Alimony Tax Deductions

In order for the paying spouse to be able to deduct the alimony payments on their tax return, certain IRS requirements must be met. In general, alimony payments can be deducted if the taxpayer does not itemize. An alimony payment is considered to be a deduction against gross income that can change the adjusted gross income line on the 1040 IRS tax form. The paying spouse must meet the following requirements as per the IRS Code Section 71: (1) it's a cash payment or equivalent, (2) the payment is received by or on behalf of a spouse pursuant to a divorce or separation agreement or order, (3) the agreement does not prohibit the payment from being included as gross income and cannot be deducted, (4) both spouses cannot be part of the same household when payment is made, (5) there is no obligation to make payments after the death of the receiving spouse and (6) the spouses cannot file a joint return.

Alimony Tax Deductible

The IRS Code Section 71(a) states that the payment can be deducted by the paying spouse in the year that it is paid, and it can be claimed as income by the receiving spouse in the year it is received. This is regardless of whether either spouse using a cash or accrual method of accounting.
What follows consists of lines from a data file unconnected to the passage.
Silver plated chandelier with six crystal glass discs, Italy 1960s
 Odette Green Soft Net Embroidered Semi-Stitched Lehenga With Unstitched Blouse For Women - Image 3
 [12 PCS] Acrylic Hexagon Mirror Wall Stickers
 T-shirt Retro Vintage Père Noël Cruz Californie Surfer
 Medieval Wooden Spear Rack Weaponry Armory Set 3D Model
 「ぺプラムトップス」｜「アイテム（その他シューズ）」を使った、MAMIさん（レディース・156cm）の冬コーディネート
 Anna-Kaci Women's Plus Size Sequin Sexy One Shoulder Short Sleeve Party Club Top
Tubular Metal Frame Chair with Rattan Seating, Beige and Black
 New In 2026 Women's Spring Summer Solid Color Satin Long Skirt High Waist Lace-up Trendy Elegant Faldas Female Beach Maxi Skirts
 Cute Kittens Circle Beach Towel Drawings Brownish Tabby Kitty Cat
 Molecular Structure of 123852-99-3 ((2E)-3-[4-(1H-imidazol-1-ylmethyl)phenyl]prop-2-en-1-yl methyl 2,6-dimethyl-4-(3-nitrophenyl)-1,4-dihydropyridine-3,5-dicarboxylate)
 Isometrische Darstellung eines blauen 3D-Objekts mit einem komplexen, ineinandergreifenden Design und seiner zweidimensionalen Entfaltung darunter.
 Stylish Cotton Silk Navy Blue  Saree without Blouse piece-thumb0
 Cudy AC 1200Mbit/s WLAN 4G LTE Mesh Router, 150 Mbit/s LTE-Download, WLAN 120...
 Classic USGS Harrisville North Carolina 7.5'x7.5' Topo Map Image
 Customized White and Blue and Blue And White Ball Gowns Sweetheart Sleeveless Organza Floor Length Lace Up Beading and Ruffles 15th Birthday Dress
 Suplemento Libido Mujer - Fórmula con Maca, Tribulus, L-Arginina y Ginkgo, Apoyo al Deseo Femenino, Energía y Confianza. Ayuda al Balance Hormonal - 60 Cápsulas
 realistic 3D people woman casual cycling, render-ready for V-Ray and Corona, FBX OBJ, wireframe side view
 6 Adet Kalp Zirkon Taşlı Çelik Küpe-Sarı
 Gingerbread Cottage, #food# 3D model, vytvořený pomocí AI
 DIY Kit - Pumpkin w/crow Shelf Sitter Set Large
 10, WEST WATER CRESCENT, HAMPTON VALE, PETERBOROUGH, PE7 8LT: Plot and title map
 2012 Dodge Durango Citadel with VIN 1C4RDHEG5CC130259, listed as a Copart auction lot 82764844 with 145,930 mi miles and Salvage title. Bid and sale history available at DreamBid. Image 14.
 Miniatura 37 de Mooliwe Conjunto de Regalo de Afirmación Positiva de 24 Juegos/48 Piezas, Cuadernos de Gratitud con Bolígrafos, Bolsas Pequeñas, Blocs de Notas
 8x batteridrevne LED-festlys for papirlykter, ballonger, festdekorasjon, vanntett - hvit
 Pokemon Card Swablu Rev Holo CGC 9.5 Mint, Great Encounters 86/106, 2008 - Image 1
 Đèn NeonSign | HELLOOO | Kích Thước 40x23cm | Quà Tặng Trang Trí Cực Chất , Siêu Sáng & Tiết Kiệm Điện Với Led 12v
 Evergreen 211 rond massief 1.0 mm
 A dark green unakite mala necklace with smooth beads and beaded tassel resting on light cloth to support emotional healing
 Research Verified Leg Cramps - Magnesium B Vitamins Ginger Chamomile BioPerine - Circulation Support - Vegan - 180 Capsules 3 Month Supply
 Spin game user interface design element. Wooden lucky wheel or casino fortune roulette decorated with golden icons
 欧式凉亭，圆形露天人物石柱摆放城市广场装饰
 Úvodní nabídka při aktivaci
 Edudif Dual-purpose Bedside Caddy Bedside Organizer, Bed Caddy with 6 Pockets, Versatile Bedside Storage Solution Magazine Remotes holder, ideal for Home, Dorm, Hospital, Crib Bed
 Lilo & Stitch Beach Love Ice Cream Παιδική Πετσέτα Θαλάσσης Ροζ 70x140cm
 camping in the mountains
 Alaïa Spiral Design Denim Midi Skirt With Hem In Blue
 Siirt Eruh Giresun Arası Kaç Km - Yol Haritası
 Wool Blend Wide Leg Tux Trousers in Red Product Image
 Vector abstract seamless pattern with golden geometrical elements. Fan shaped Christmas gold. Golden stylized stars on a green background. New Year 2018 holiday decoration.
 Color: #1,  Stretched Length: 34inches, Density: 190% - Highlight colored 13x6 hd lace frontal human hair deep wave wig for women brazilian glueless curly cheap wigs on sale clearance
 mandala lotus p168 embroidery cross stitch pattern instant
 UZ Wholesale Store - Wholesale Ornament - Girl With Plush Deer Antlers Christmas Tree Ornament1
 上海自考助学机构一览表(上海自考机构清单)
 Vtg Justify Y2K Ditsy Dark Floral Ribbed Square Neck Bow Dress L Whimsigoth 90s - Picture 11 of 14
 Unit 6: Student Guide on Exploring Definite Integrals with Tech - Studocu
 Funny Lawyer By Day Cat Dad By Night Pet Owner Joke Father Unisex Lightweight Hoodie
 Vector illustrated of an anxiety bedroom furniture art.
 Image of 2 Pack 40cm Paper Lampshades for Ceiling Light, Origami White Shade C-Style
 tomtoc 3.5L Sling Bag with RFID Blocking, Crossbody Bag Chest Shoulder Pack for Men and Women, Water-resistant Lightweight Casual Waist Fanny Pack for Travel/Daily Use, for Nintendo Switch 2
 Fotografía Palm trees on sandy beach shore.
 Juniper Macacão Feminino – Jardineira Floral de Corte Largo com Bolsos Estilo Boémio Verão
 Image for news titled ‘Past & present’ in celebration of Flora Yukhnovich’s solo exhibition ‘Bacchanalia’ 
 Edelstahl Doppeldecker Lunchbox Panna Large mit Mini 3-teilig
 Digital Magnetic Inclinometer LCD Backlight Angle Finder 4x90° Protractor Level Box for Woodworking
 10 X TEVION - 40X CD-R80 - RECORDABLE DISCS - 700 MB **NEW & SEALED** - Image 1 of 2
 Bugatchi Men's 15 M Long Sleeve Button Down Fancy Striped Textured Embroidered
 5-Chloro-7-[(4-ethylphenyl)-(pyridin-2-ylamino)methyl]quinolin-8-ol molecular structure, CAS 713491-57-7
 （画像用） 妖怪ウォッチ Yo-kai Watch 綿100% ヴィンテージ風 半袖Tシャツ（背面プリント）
According to the IRS Publication 504, the payer spouse reports the alimony payment on line 31a of Form 1040 and the receiving spouse reports the income on line 11 of Form 1040. The payer spouse must provide the receiving spouse's social security number and is subject to a $50 penalty if it is not included along with a possible dis-allowance of the deduction. In addition, the receiving spouse must provide their social security number to their payer spouse or be subject to a $50 penalty. If the payer spouse is making payments to a non-resident alien, they may have to hold back a 30% income tax on each payment depending on the requirements contained in Publication 515. Finally, the receiving spouse may have to begin paying estimated tax payments every quarter because alimony payments have no withholding for tax.